**Exercise aim:** With the pictures left out, retype exactly the lines below starting at the line that contains "True Navy Blue, variant" and ending at the line that contains "Thomas Family Christmas Ladies Shirt".

Provided information below:

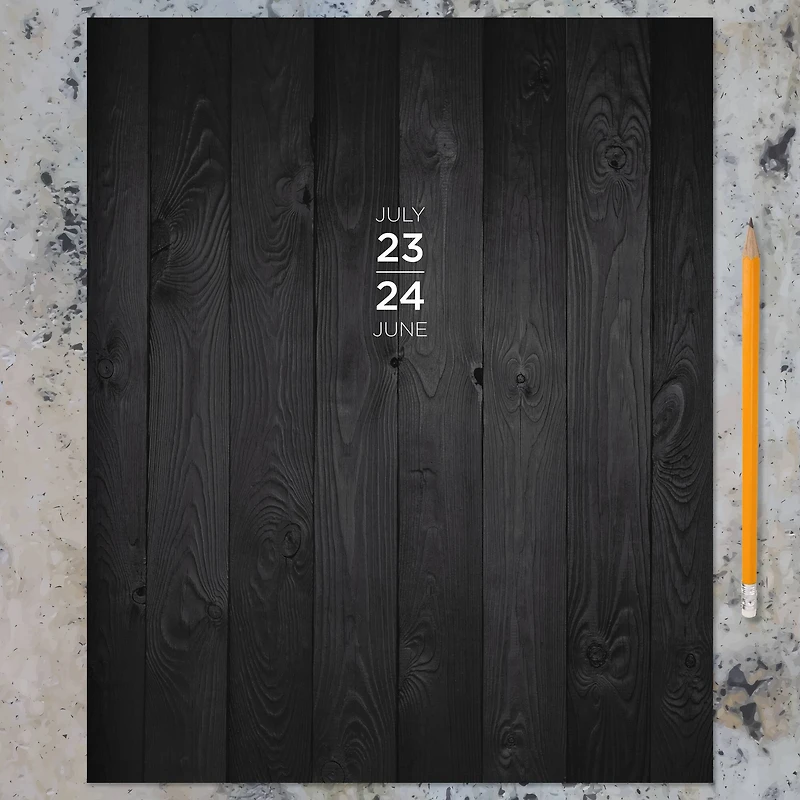 TF Publishing 2023 - 2024 Simply Black Large Monthly Planner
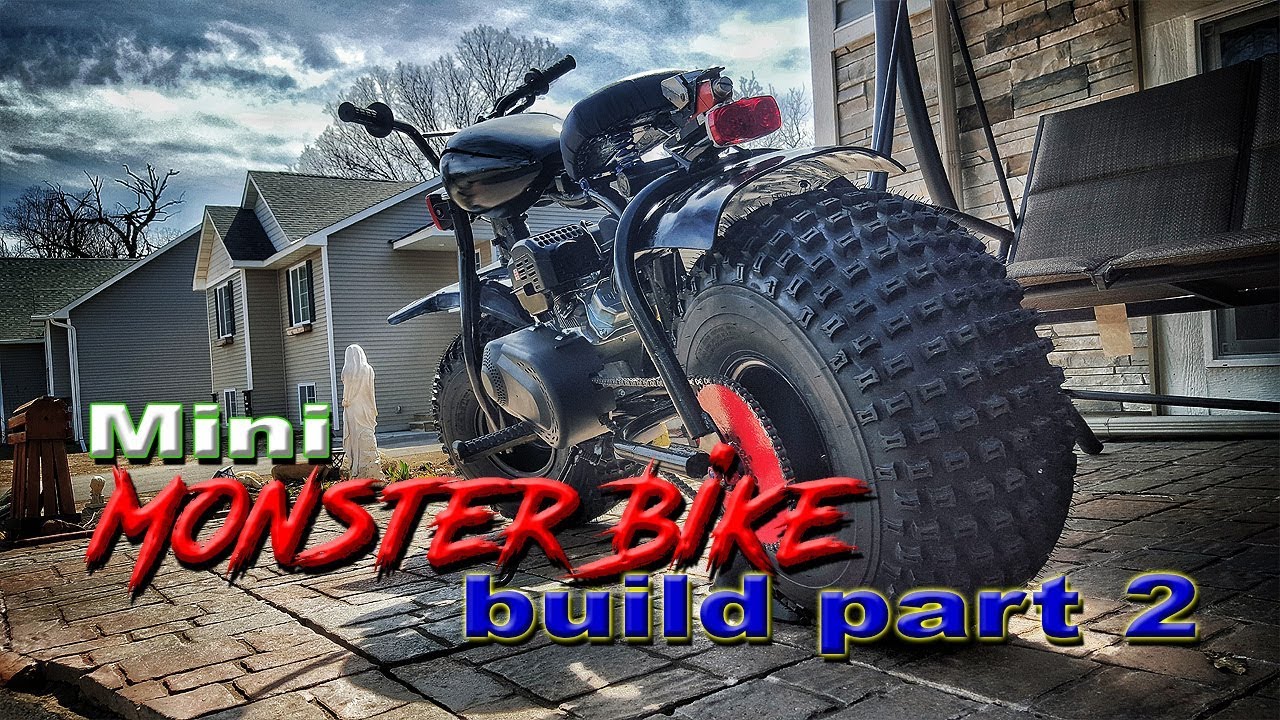 Mini Monster Bike Build from Scrap Part 2
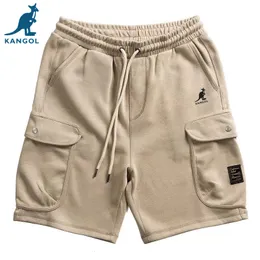 Shorts pour hommes marque été décontracté jeunesse multi-poches japonais Vintage tendance couleur unie pantalons de sport s 230612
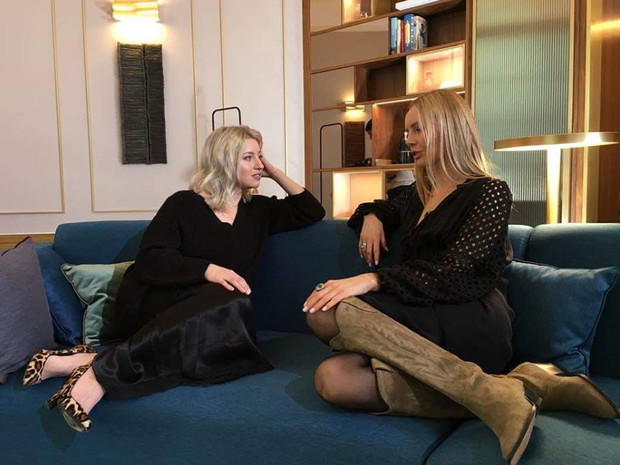 Natalia Hołownia i Agnieszka Woźniak-Starak w Gala Studio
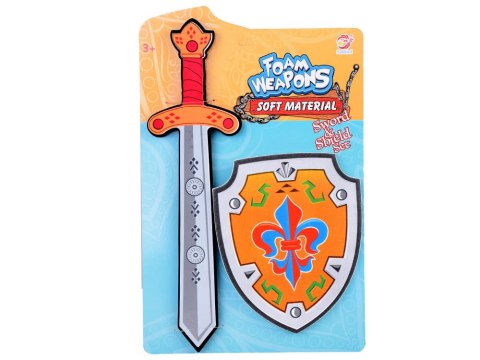 Zestaw dla Rycerza Piankowa Tarcza Miecz piankowy godło Lilia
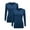 True Navy Blue, variant on Women's Under Scrubs Long Sleeve T-Shirt Comfort V-Neck Medical Underscrub Tee -Super Soft and Stretchy - 2 Pack (True Navy Blue, X-Large)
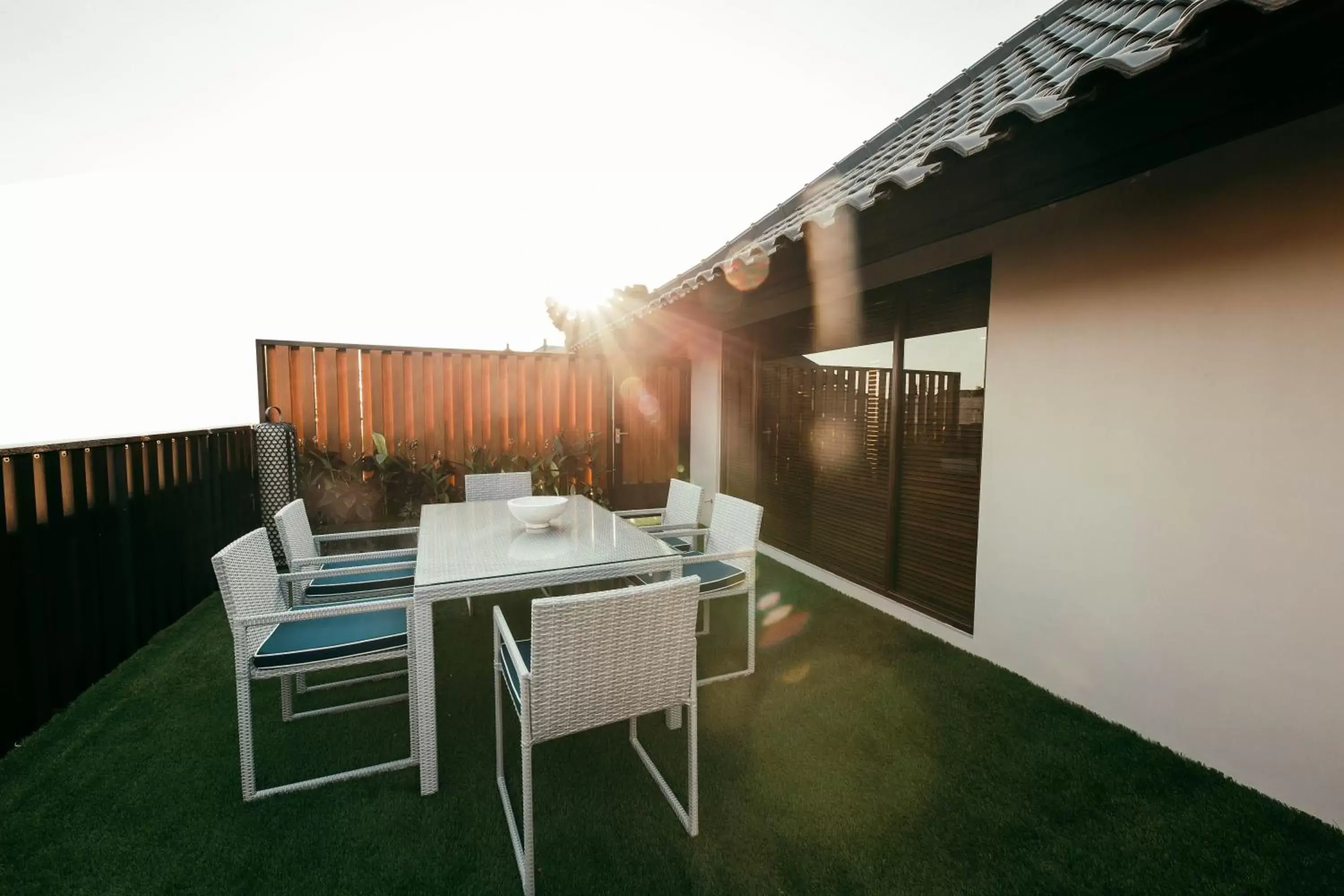 Patio in The Vira Bali Boutique Hotel & Suite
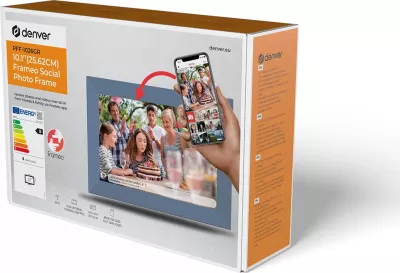Kornizë digjitale Denver Frameo PFF-1026GR, 10.1", 16 GB, Gri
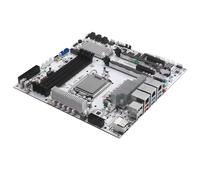 Glovary W680 Micro ATX Mainboard LGA1700, 12 Bay NAS Motherboard, 4 x ECC UDIMM DDR5, Barebone, 3 LAN (vPro 2.5GB + 10GB + 2.5GB), 3 x M.2 NVMe Slot, 2 x PCIe x16, 4USB3.2, 5 Display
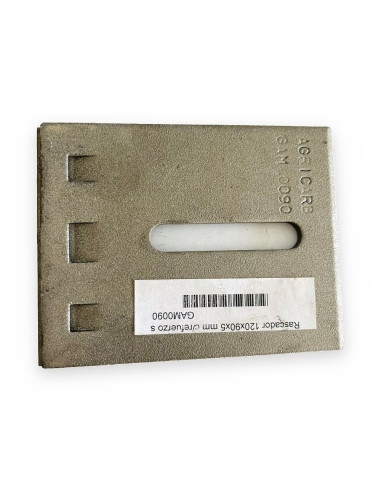 Rascador 120x90x5 mm c/refuerzo soldado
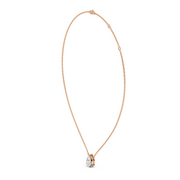 1Ct Classic Pear Solitaire Pendant with chain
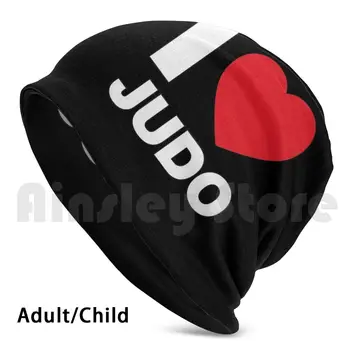 Sporu Seviyorum, Judo Şapkasını Seviyorum 1084 Şapka Aşkı Seviyorum Sporu Seviyorum Judoyu Seviyorum Kırmızı Kalp Kalp Ben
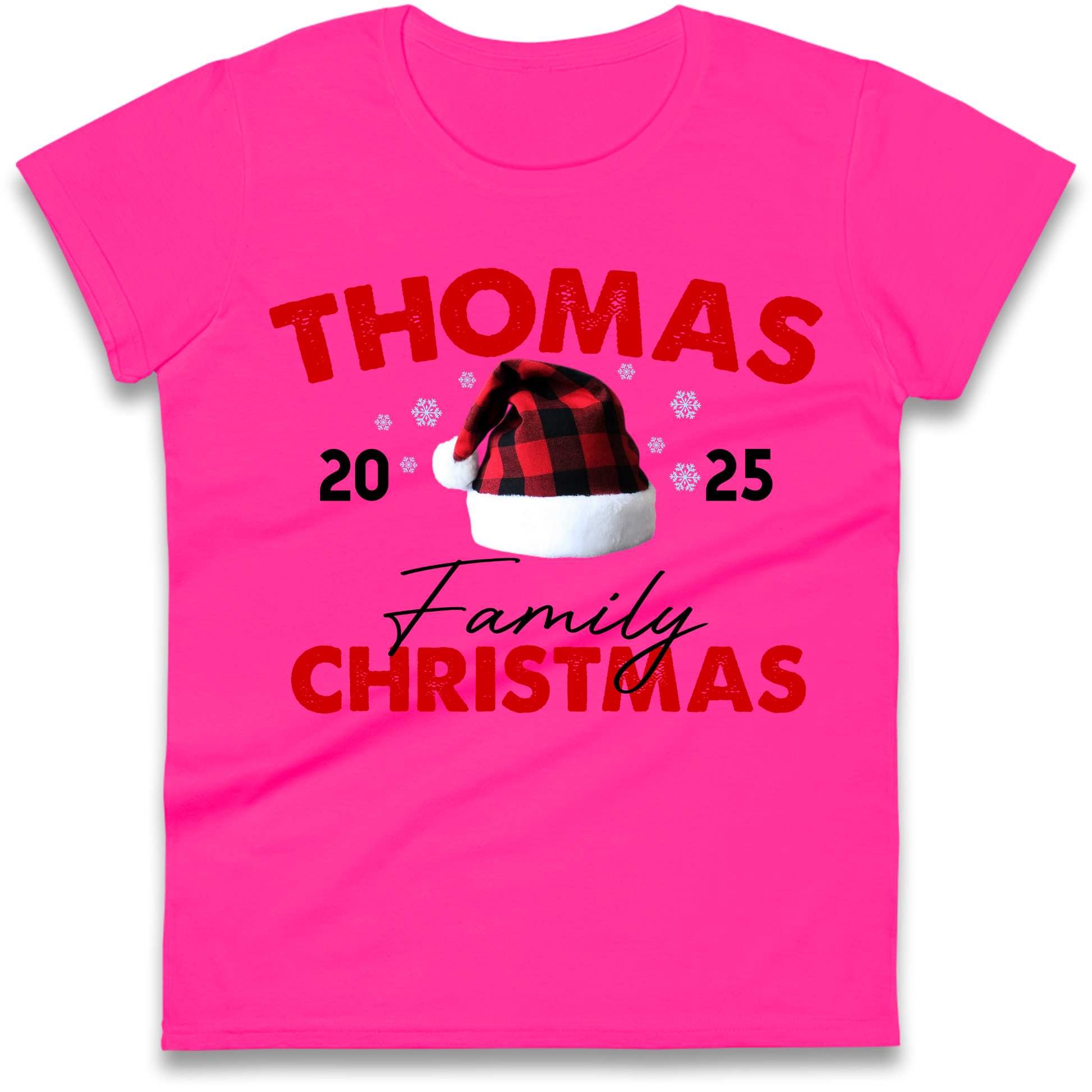 Thomas Family Christmas Ladies Shirt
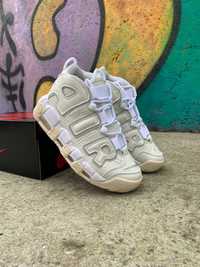 Buty Nike Air More Uptempo beige damskie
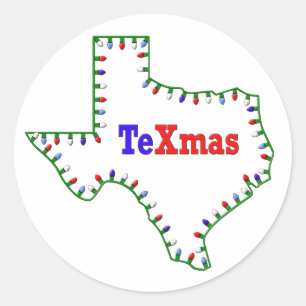 Sticker Rond Les lumières de Noël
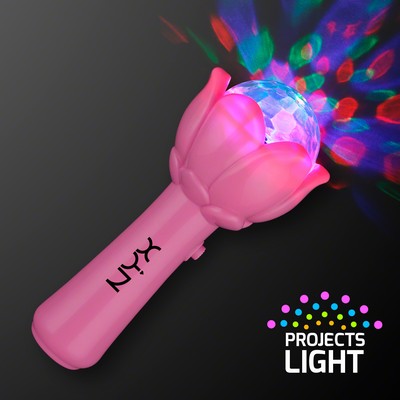 Tulip Flower Light Projecting Disco Wand 7" - PRINTED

End of Provided information.

**Output of the exercise:**
 True Navy Blue, variant on Women's Under Scrubs Long Sleeve T-Shirt Comfort V-Neck Medical Underscrub Tee -Super Soft and Stretchy - 2 Pack (True Navy Blue, X-Large)
 Patio in The Vira Bali Boutique Hotel & Suite
Kornizë digjitale Denver Frameo PFF-1026GR, 10.1", 16 GB, Gri
 Glovary W680 Micro ATX Mainboard LGA1700, 12 Bay NAS Motherboard, 4 x ECC UDIMM DDR5, Barebone, 3 LAN (vPro 2.5GB + 10GB + 2.5GB), 3 x M.2 NVMe Slot, 2 x PCIe x16, 4USB3.2, 5 Display
 Rascador 120x90x5 mm c/refuerzo soldado
 1Ct Classic Pear Solitaire Pendant with chain
 Sporu Seviyorum, Judo Şapkasını Seviyorum 1084 Şapka Aşkı Seviyorum Sporu Seviyorum Judoyu Seviyorum Kırmızı Kalp Kalp Ben
 Thomas Family Christmas Ladies Shirt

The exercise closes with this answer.